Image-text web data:
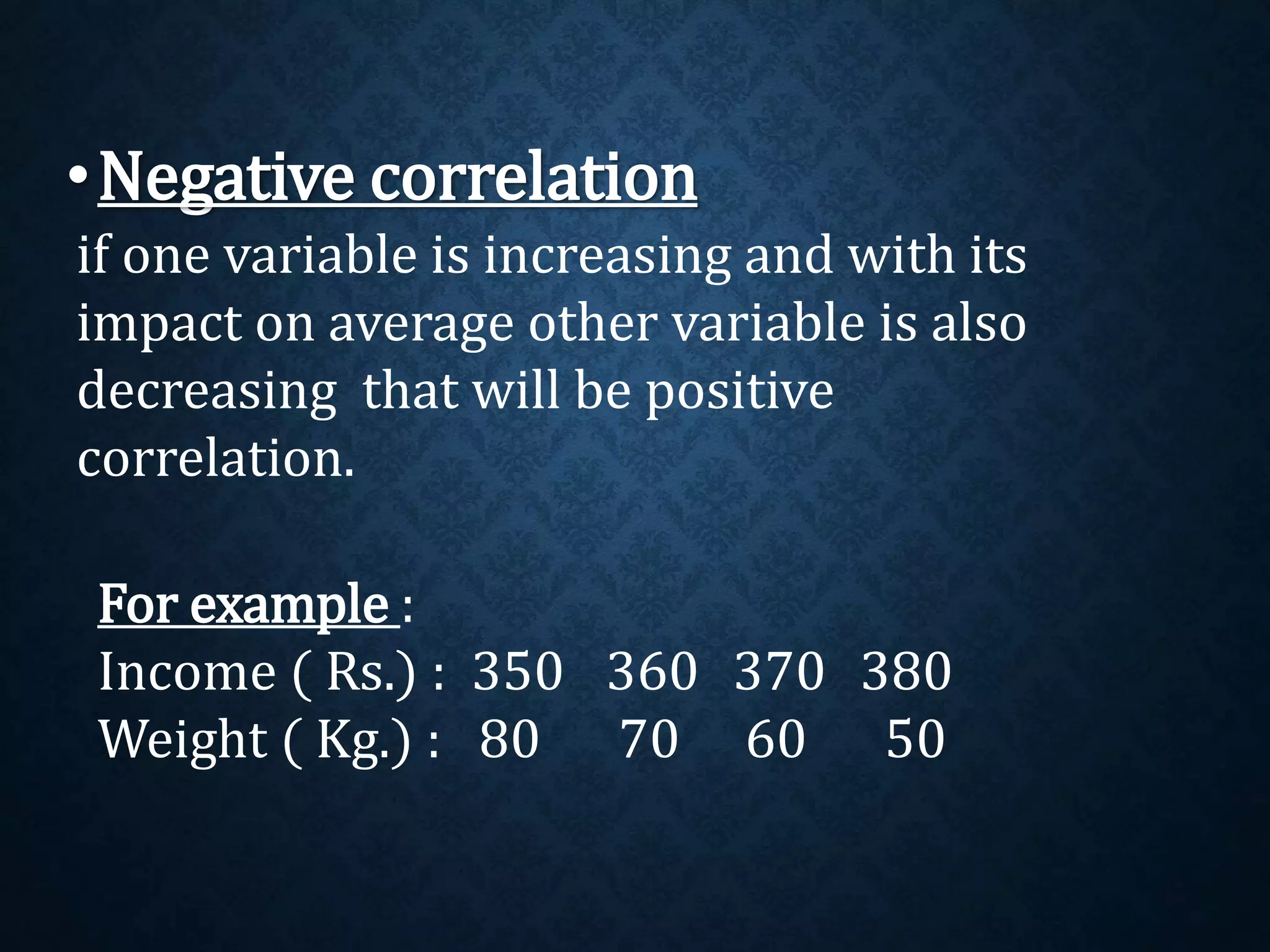 •Negative correlation 
if one variable is increasing and with its 
impact on average other variable is also 
decreasing that will be positive 
correlation. 
For example : 
Income ( Rs.) : 350 360 370 380 
Weight ( Kg.) : 80 70 60 50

▶ _EXERCISE INSTRUCTIONS_:
Copy every line from the records that holds the string "variable".

▶ _THE ANSWER_:
if one variable is increasing and with its 
impact on average other variable is also 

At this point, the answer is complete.